The eclipse 3 hood will run approx $100.00. You can get better for cheaper or the same price. I don't like bio-wheel filters on tanks with plants.

Just something to think about.


----------



## TheDuckyOne (Oct 10, 2005)

I dissagree, I have kept plant tanks w/bio wheels in the past and have never had a problem with it. I love my eclipse hood, the double light fixture and clean look makes it worth the price of admission IMO. Make sure that you use some kind of substrate the plants like, and supplement w/ferts and co2 and I wouldnt expect that you will have much of an issue.

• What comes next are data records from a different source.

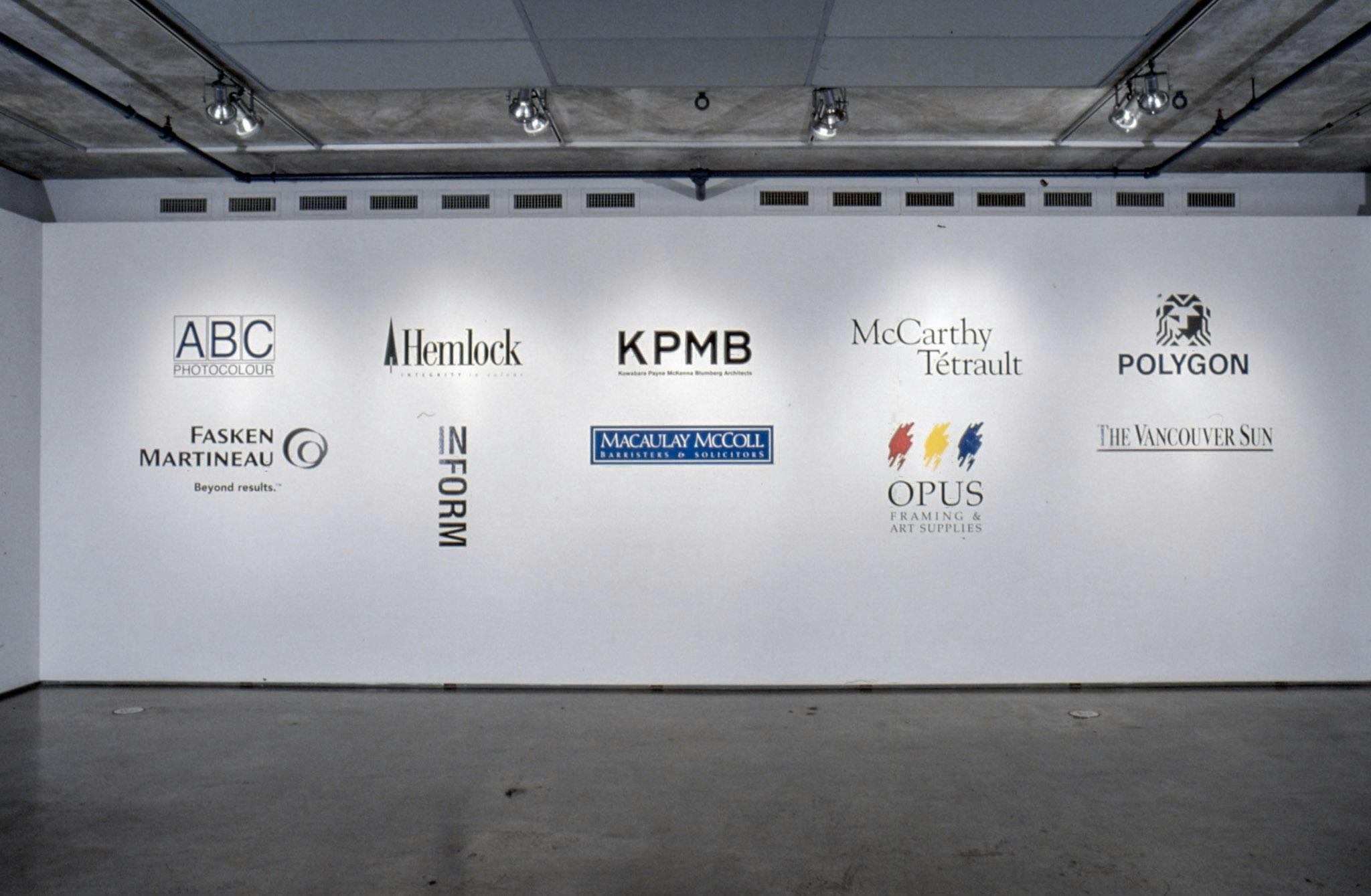 This is an installation shot of a gallery space. There are ten large-sized logos of different companies and organisations printed on a gallery wall.
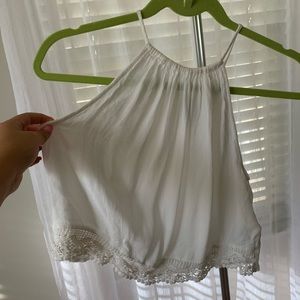 Divided white crotchet crop top size 6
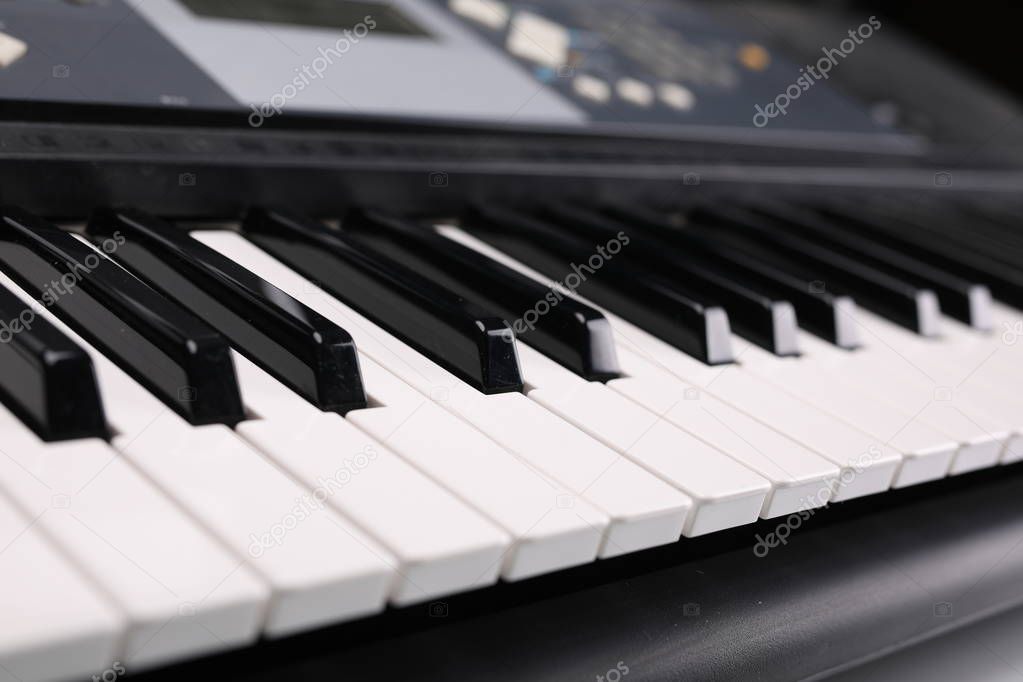 Piano  keyboard instrument, composition on a white background.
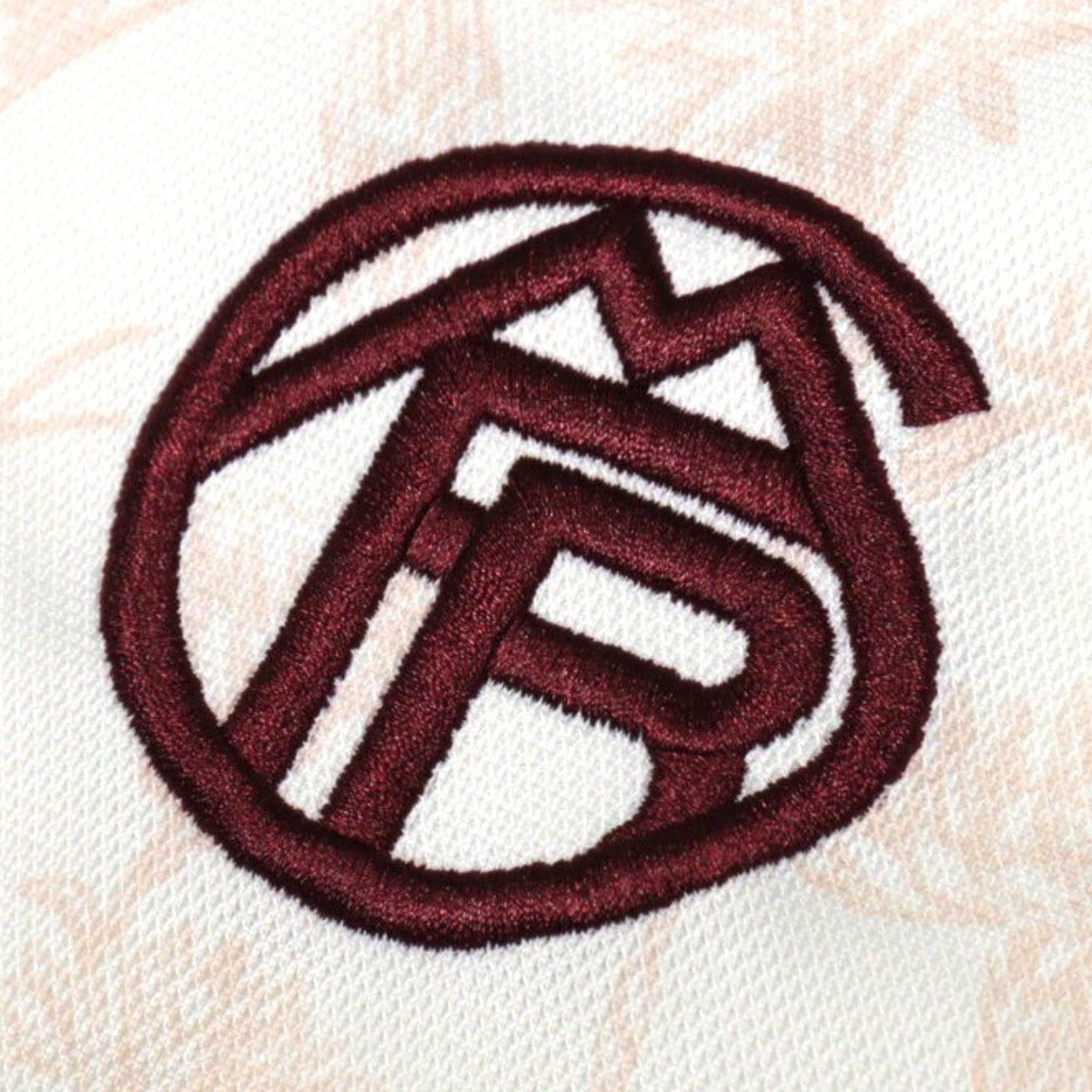 Close-up of embroidered Bayern Munich crest in maroon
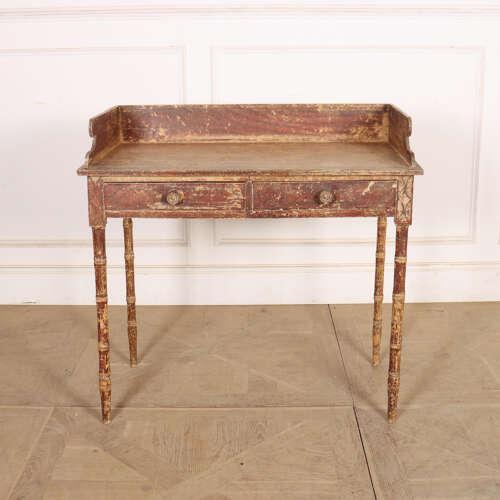 Pretty early 19th century English regency faux bamboo two drawer side table. 1820 30-inches to worktop. This piece is...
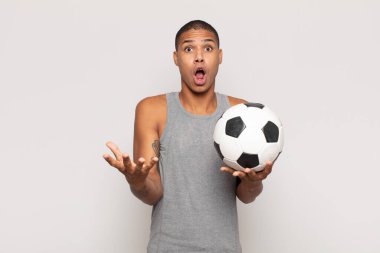 Genç siyahi adam ağzı açık ve şaşırmış, şok olmuş ve hayrete düşmüş inanılmaz bir sürprizle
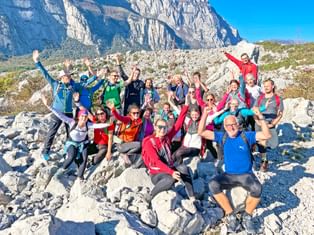 Gruppe aus Wanderern hebt die Hände in die Höhe, Berge im Hintergrund, Sonnenschein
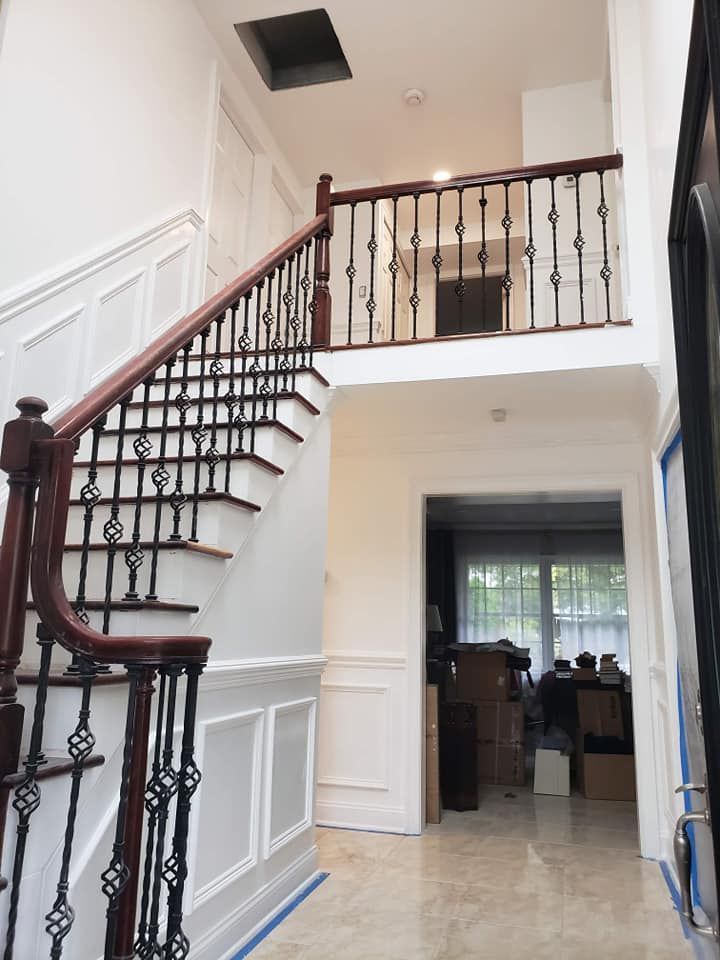 A hallway with stairs leading up to the second floor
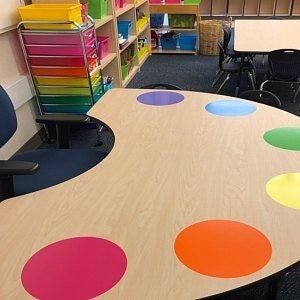 Pode incluir: Uma mesa de madeira clara com um design de paleta de pintura. A mesa tem oito círculos coloridos em tons de roxo, azul, verde, amarelo, laranja, vermelho e rosa.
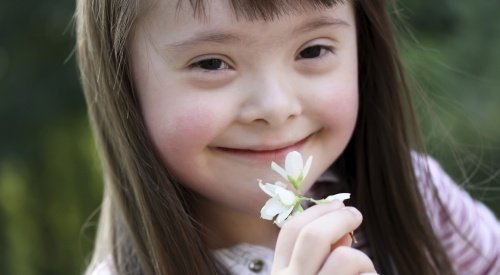 Mädchen mit Down-Syndrom
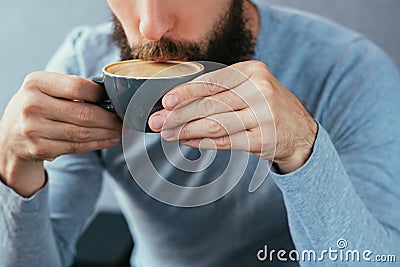 Man drink coffee traditional hot cappuccino mug Stock Photo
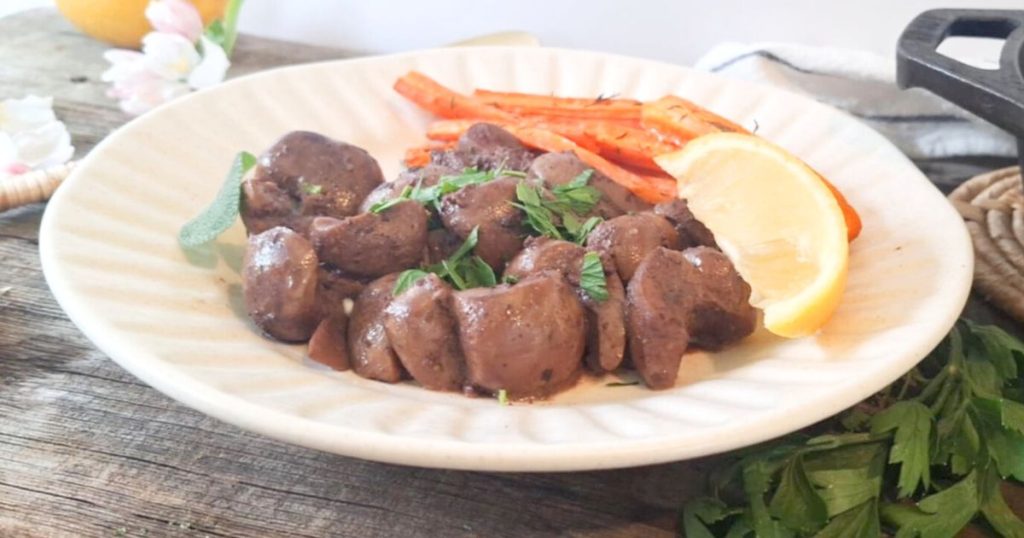 A white plate with pan-fried beef kidney pieces garnished with fresh parsley, served with roasted carrot sticks and a lemon wedge on rustic wooden table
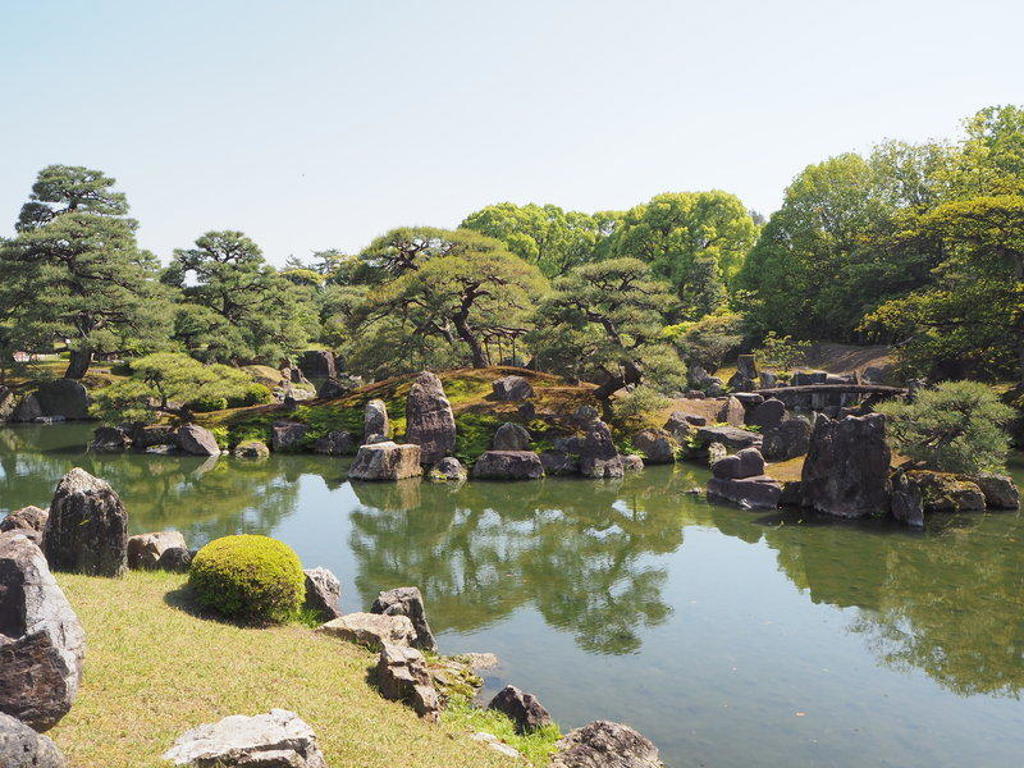 Japanse tuin met vijver, rotsen en dennenbomen tijdens een groepsrondreis Japan.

Edit:I felt, for whatever reason, the need to clarify...the fella posting above me is an expert. I was just giving an opinion based on my own experince. My guess, and I am sure it will be clairified, the reason hes not a fan of bio-wheels is because they provide an oxygen rich enviroment, which is great for fish but not for plants. I personally find that it gives me a larger margin of error for co2. I dont worry as much because I know theres already more oxygen in the tank then normal. When I switched to the eclipse hood I saw no more jumps in the pH, and my plants continued to thrive. Thats just my .02, so take it for what its worth. He has far more experince then me.


----------



## Fishfirst (Jan 24, 2005)

CO2 levels are still dangerous even with adequite amounts of o2. You should never treat CO2 and O2 as counter balances. Co2 is just as deadly with high amounts of o2 than with low amounts of o2.


----------



## Damon (Jan 18, 2005)

By no means am I an expert. I'm learning just like the rest of you. To think otherwise is folly. 

Bio-wheels do turn over enough water IME. For planted tanks, filtration is mostly mechanical. Biological is left to the plants although some bio-filtration is still done by bacteria. Plants themselves use nh3 etc...but also provide surface area for more bacteria. Waterflow is more important. Aquaclear HOB filters have one of the highest waterflow rates of common HOB filters. And its easily adjustable unlike the bio-wheels. I don't like the fact that they outgas too much CO2 from the water. I have run planted tanks with them, but would perfer not to.


----------



## TheDuckyOne (Oct 10, 2005)

Sorry I dont think I made myself very clear....I didnt mean that they where counter balanced, although I am aware thats how it came off...the extra aeration that the biowheel provides knocked more co2 out of the water...just like the aeration that a powerhead would provide. All the water agitation...I still dont know if I am making sense, its a been a rough week.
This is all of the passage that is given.